The nature of computing is changing in many fronts. First there are increasingly "smart" mobile phones with its own operating systems. It's inevitable that whatever OS dominates phones, dominates the statistics. Just for there are more phones than PCs.
Then we have a growing category of tablets. Currently they use some forms of mobile OSes, so their growth increases the weight of mobile operating systems in global stats.
In addition we have the ongoing change in the heavy-duty computing, where Linux-related systems which grown in popularity as engines for web applications that increases their appeal for cloud computing, appear more and more often.

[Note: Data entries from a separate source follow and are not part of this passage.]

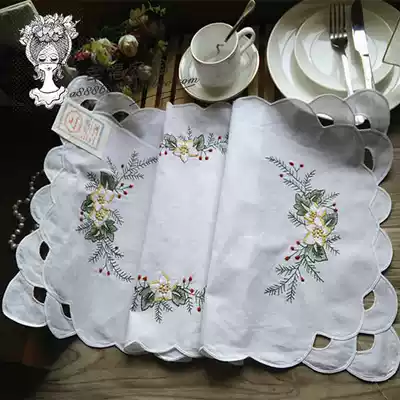 Foreign trade exports to Europe and the United States original single white pure cotton small green flower tablecloth placemat decorative towel 3 size clearance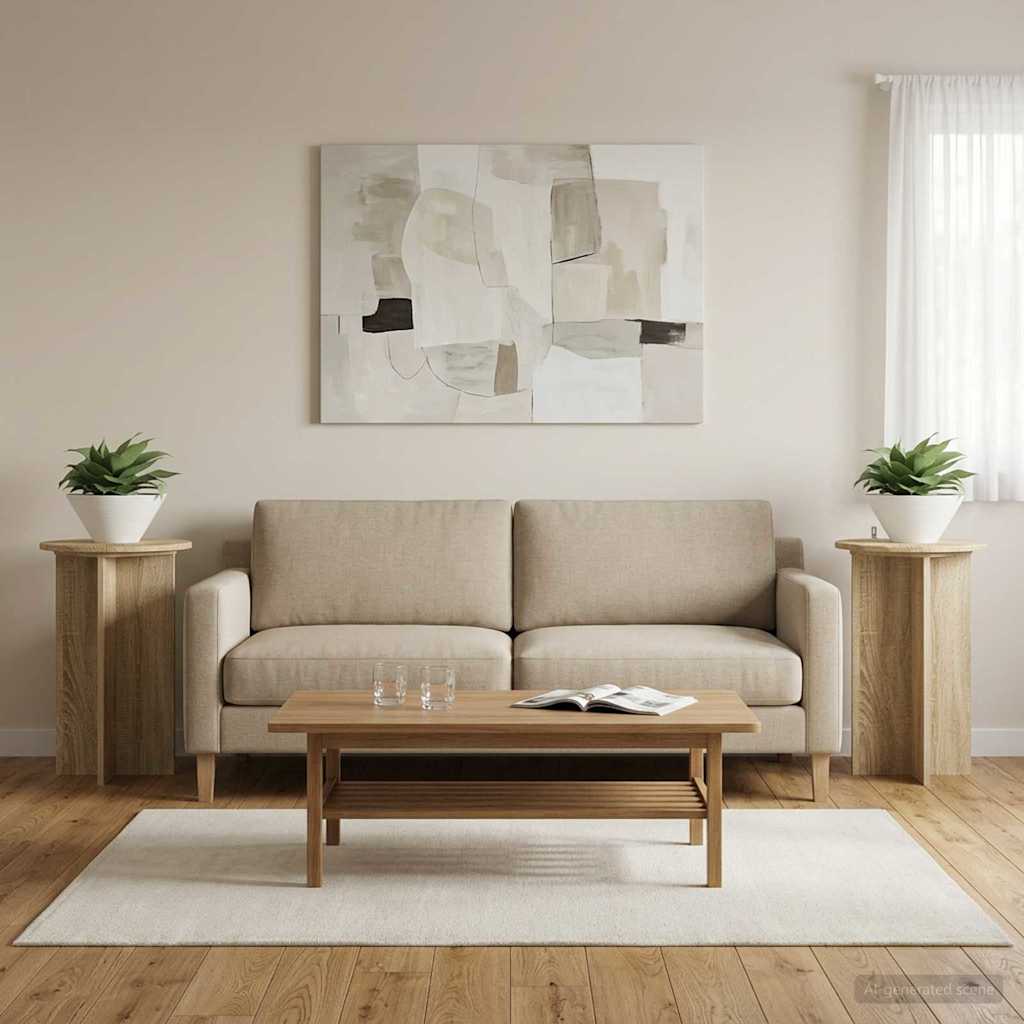 Växtställ 2 st Sonoma-ek Ø40 x 60 cm Konstruerat trä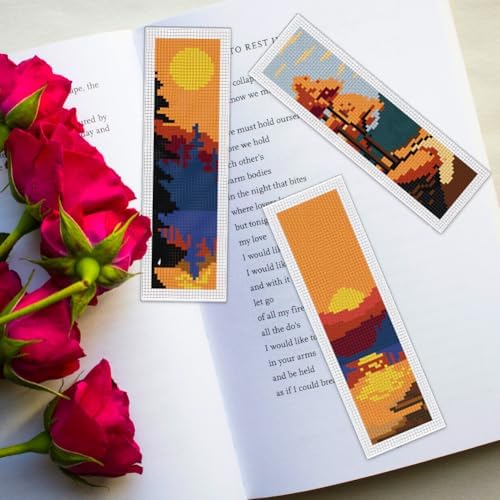 ORIGACH 6 Set Sunset Landscape Cross Stitch Bookmark Kit for Beginner - Image 6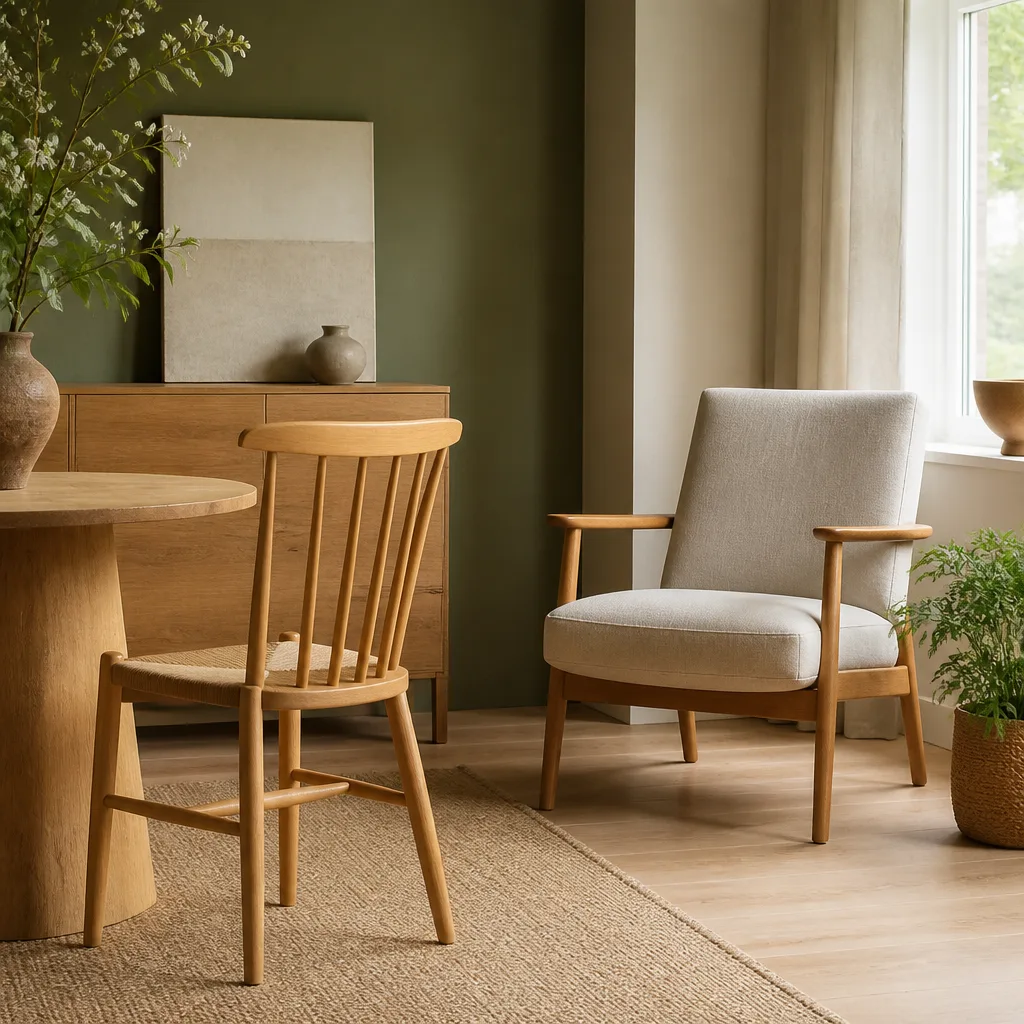 Bright living room corner with a wooden dining chair and an upholstered armchair, soft daylight through a window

One element that is still partly missing is adequate number of quality SaaS / cloud applications.
You can check a selection of what's available here: http://bit.ly/dKPlVi
Even that SaaS / cloud apps are in many cases more suitable for many tasks, they still lack some functionality sometimes. And some other tasks still require desktop software.
It's changing with HTML5 and other technology advancements, though.